• TRY IT: Using the listing below, set down each line from the line containing "Foto del edificio - 945 Silverwood Dr" through the line containing "Toddler Girl Photoshooting Ideas Black, Little", both ends included, exactly and with nothing added.
-------- RECORDS SUPPLIED --------
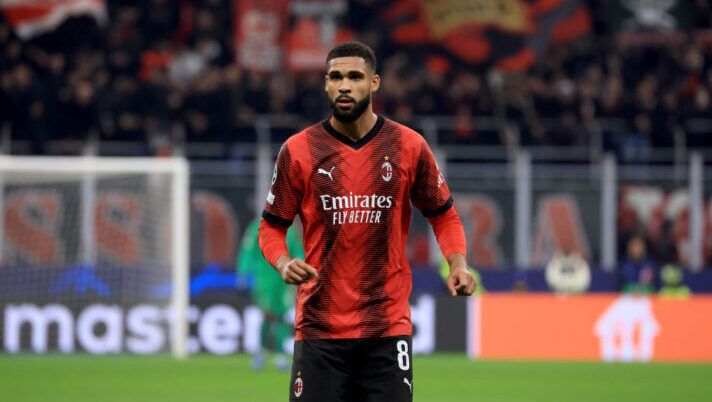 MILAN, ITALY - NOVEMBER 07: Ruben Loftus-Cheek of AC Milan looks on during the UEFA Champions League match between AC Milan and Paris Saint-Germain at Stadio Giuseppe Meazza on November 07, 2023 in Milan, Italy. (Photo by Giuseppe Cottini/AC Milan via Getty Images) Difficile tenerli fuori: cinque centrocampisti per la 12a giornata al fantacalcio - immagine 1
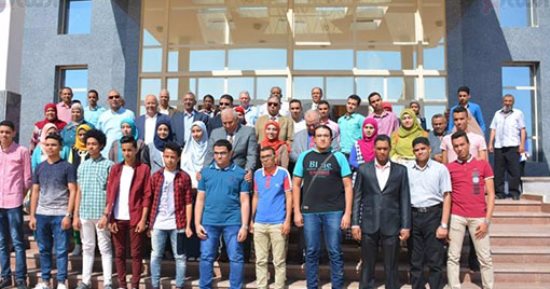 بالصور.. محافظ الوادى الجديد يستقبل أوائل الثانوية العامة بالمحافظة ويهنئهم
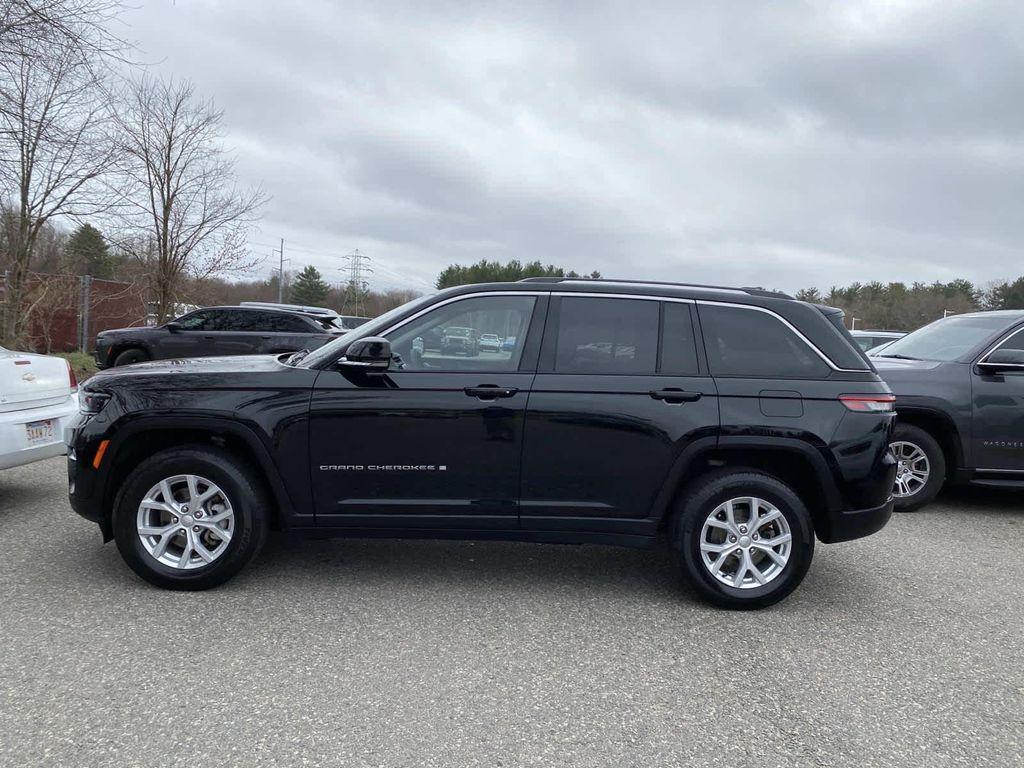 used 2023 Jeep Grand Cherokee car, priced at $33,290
--------
-------- RECORDS SUPPLIED --------
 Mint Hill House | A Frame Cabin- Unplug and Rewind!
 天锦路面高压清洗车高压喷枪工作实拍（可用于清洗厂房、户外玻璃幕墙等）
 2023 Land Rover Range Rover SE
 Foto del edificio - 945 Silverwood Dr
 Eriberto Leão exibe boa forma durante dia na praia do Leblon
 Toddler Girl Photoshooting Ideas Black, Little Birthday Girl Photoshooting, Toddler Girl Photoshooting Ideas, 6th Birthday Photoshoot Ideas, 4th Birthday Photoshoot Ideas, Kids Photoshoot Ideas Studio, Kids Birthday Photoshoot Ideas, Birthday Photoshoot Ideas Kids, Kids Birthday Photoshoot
--------
-------- RECORDS SUPPLIED --------
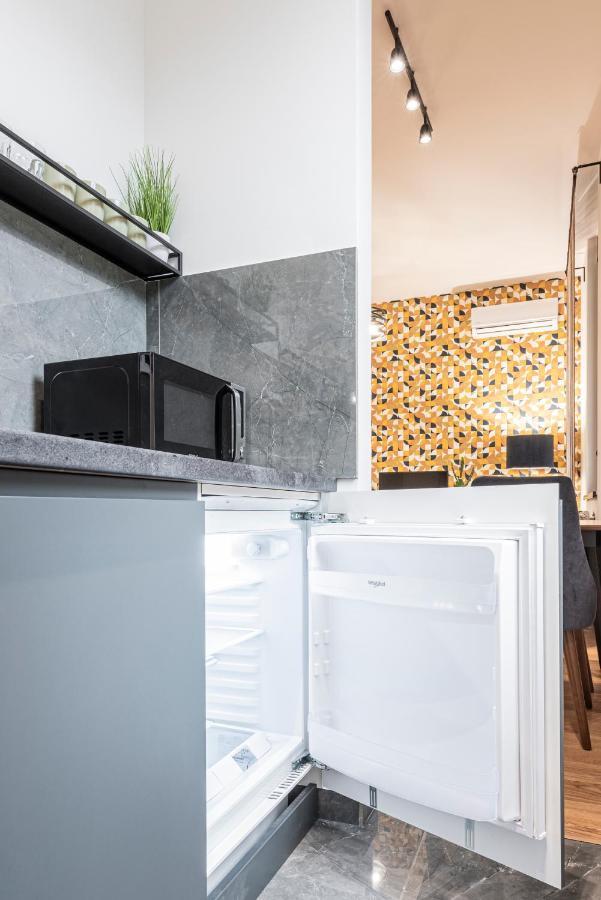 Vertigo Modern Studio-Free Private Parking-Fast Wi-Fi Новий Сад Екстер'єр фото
--------
• YOUR SOLUTION:
 Foto del edificio - 945 Silverwood Dr
 Eriberto Leão exibe boa forma durante dia na praia do Leblon
 Toddler Girl Photoshooting Ideas Black, Little Birthday Girl Photoshooting, Toddler Girl Photoshooting Ideas, 6th Birthday Photoshoot Ideas, 4th Birthday Photoshoot Ideas, Kids Photoshoot Ideas Studio, Kids Birthday Photoshoot Ideas, Birthday Photoshoot Ideas Kids, Kids Birthday Photoshoot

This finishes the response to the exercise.